Monday, November 1, 2010

Choosing The Land


Excerpt from "Old Salem - The Official Guidebook" by Penelope Niven and Cornelia Wright (click on the link to purchase your copy). Visit the official website of Old Salem Museums and Gardens
"The history of the Moravians comes to life at Old Salem. A unique religious group, the Moravians made the town of Salem an oasis of beauty and order in the Carolina back-country. Today in the workshops, homes, and gardens of Old Salem, men and women carry on the daily tasks of living just as they were done in the late eighteenth and early nineteenth centuries - crafting beautiful objects, running households and businesses, and  engaging in artistic and musical pursuits. This guide will help you make the most of your visit to Old Salem, one of the most authentic living-history museums in the United States."
Choosing The Land

August Gottlieb Spangenberg
After a grueling climb on foot and horseback "over terrible mountains, and often through very dangerous ways, " Bishop August Gottlieb Spangenberg and his traveling companions set up a rough camp in Carolina wilderness on November 29, 1752. "We are here in a region that has perhaps been seldom visited since the creation of the world," Spangenberg wrote in his diary. "We are some 70 to 80 miles from the last settlement in North Carolina... But, thank God, we are all well, cheerful, and content, and thankful to our Heavenly Father...."

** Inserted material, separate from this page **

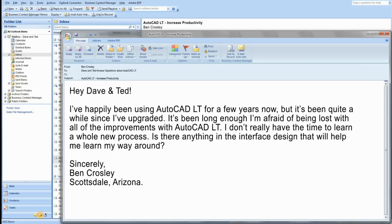Hey Dave and Ted, I've been happily using AutoCAD LT for a few years now, but it's been quite a while since I've upgraded. It's been long enough that I'm afraid of being lost with all of the improvements with AutoCAD LT, and I don't really have time to learn a whole new process. Is there anything in the interface design that will help me learn my way around? Sincerely, Ben Crosley, Scottsdale, Arizona. Ben, that is a really, really good question. That is a great question, Ben.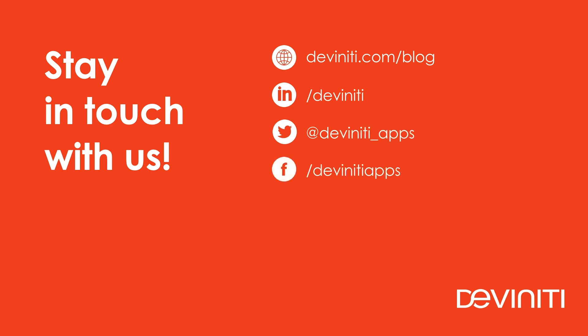Follow Deviniti apps by the links you see on the screen to track the latest news from our company and the Atlassian ecosystem. Bye guys! See you next time!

Spangenberg and his companions were Moravians, members of Unitas Fratrum, or the Unity of Brethren, as their church had long been known in Europe. The church was nearly three centuries old when John, Lord Carteret, Earl Granville offered the Moravians the opportunity to buy a hundred thousand acres of his land holdings in the Carolina Colony. Lord Granville was impressed with the success of the Moravian settlement in Bethlehem, Pennsylvania, as were many others.

In London, Parliament passed an act in 1749 to encourage the Moravians to "settle in His Majesty's Colonies in America," promising that the Moravian settlers would "be indulged with a full Liberty of Conscience, and the Exercise of the Religion they profess...."

August Spangenberg, then the Moravian Vicar General of America, was put in charge of choosing the land for the  Carolina settlement. He was 48 years old when he made the treacherous, exhausting trip from Pennsylvania to Edenton, North Carolina, and then to the far reaches of the Carolina frontier. Born in Germany, Spangenberg had already served as a university professor in Europe and a pioneer tin America. He led the first Moravian colonists to Georgia in 1735, and was a force in establishing the Morvians in Pennsylvania.

Spangenberg was as much at home on horseback in Indian country in the American colonies as he was serving on the central boards of the Moravian church in Europe. He was a man who could lead a worship service; track buffalo; tramp unexplored woodland with a surveyor; plan a vast settlement; negotiate complex financial arrangements; write a lengthy diary and several books; and mediate religious and secular disputes. His versatility, vigor and vision made Spangenberg not only the ideal Moravian but the ideal citizen in eighteenth century America.